9. Les cryptomonnaies vont remplacer les monnaies nationales.

Mariem Mhadhbi, experte des marchés financiers, cofondatrice de Valuecometrics.

FAUX Le Bitcoin constitue un actif refuge. On pourrait le comparer à de l’or digital plutôt qu’à une monnaie d’échange. À raison de sept transactions par seconde, il est incomparablement moins efficace pour les paiements qu’un réseau comme Visa ou Mastercard. Et même lorsqu’il deviendra possible de réaliser davantage de transactions, grâce au nouveau protocole de paiement Lightening Network, le Bitcoin coexistera avec d’autres devises. Certains préféreront utiliser le dollar parce qu’ils font confiance à l’économie américaine et qu’ils croient en la capacité de Washington à ne pas faire défaut. D’autres feront confiance à la technologie de la blockchain pour éliminer le risque de contrepartie, c’est-à-dire le risque de ne pas être payé. Des pays comme le Salvador ou le Venezuela ont été obligés de recourir au dollar, ce qui peut poser un problème de souveraineté. Il est donc envisageable que des pays n’ayant pas de devise propre utilisent une nouvelle monnaie basée sur la confiance, non en un autre État, mais en une technologie mathématique qui élimine le risque de contrepartie. Le Bitcoin ne se substituera donc pas au dollar ou à l’euro, mais pourrait remplacer les devises de pays en difficulté. En parallèle, on peut imaginer qu’une cryptomonnaie internationale trouve sa place en se focalisant sur des enjeux mondiaux. Nous pourrions par exemple envisager une devise internationale associée à un projet sur la problématique du climat, qui concerne toute l’humanité.

10. Les cryptomonnaies permettront de se passer des banques.

Stéphanie Flacher, ex-BNP Paribas, cofondatrice de logion.network (blockchain publique).

FAUX Connues pour être nées avec le Bitcoin en réaction à la crise financière de 2008, les cryptomonnaies sont censées annoncer la fin du système bancaire. Elles promettent l’avènement d’un web devenant le système intégré des échanges monétaires de l’économie, dans une logique de pair à pair.
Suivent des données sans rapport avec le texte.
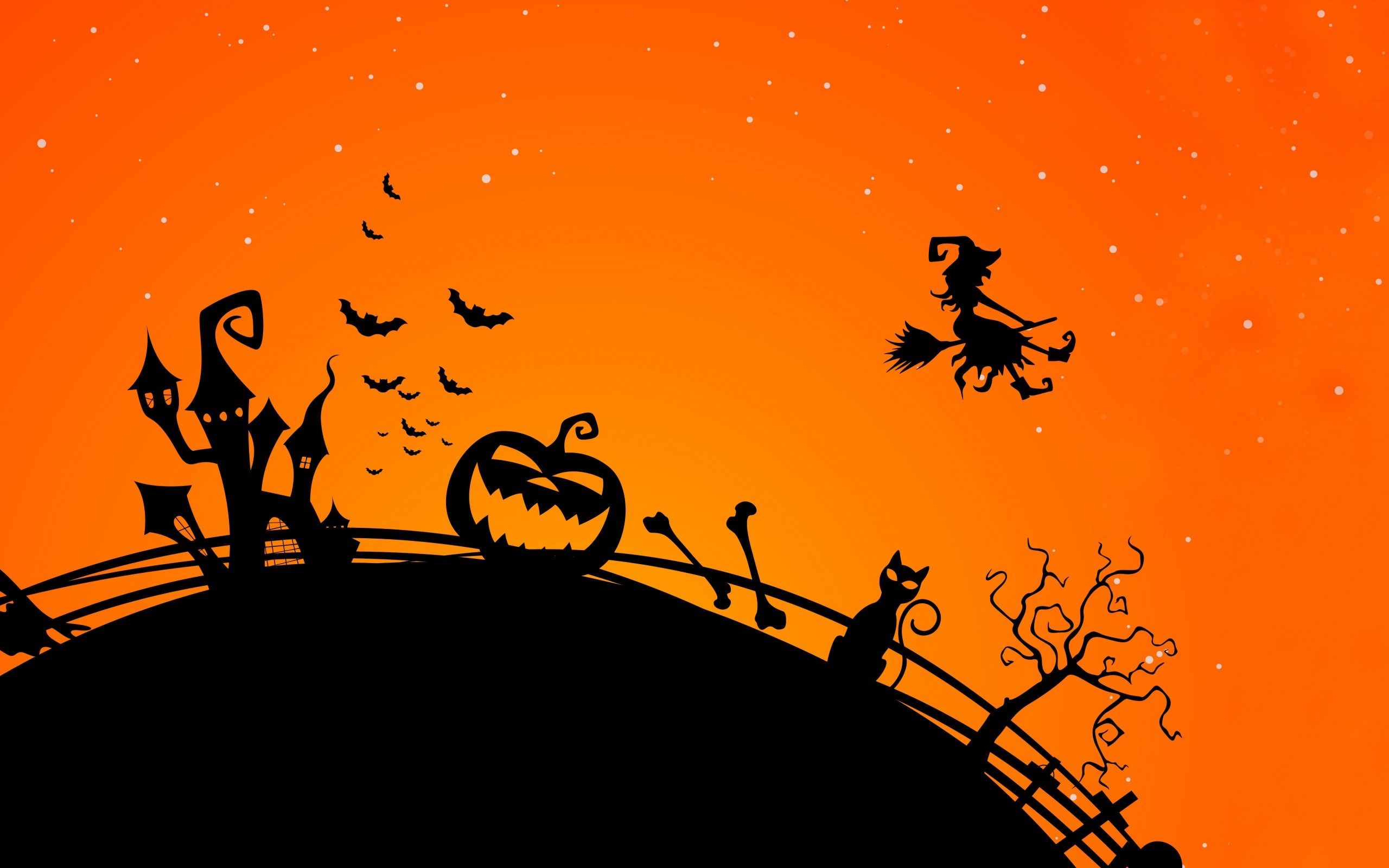 Strega zucca gatto silhouette Halloween, 2560x1600 WQXGA, Laptop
D’après PwC, les technologies liées à la blockchain devraient ainsi accroître le PIB mondial de 1 760 milliards de dollars d’ici à 2030 en améliorant le suivi et la confiance dans les devises. Et de fait, après dix ans de développement, les cryptomonnaies parviennent à fédérer une communauté grandissante en tant qu’actifs financiers spéculatifs. Mais elles peinent à convaincre de leur capacité à remplacer le système monétaire actuel. Car malgré l’immutabilité des registres d’échanges, l’automatisation intelligente des transactions se heurte à des écueils de sécurité des actifs, de définition des responsabilités et de stabilité des frais de transaction. Pour prétendre remplacer une monnaie traditionnelle, il faut créer le cadre légal et fonctionnel qui permet aux utilisateurs d’interagir en toute confiance : il est nécessaire de pouvoir se retourner auprès de responsables ou d’arbitres en cas de problème. Mais la nature décentralisée de la blockchain nécessite de repenser totalement le tiers de confiance, tant bancaire que juridique ou politique.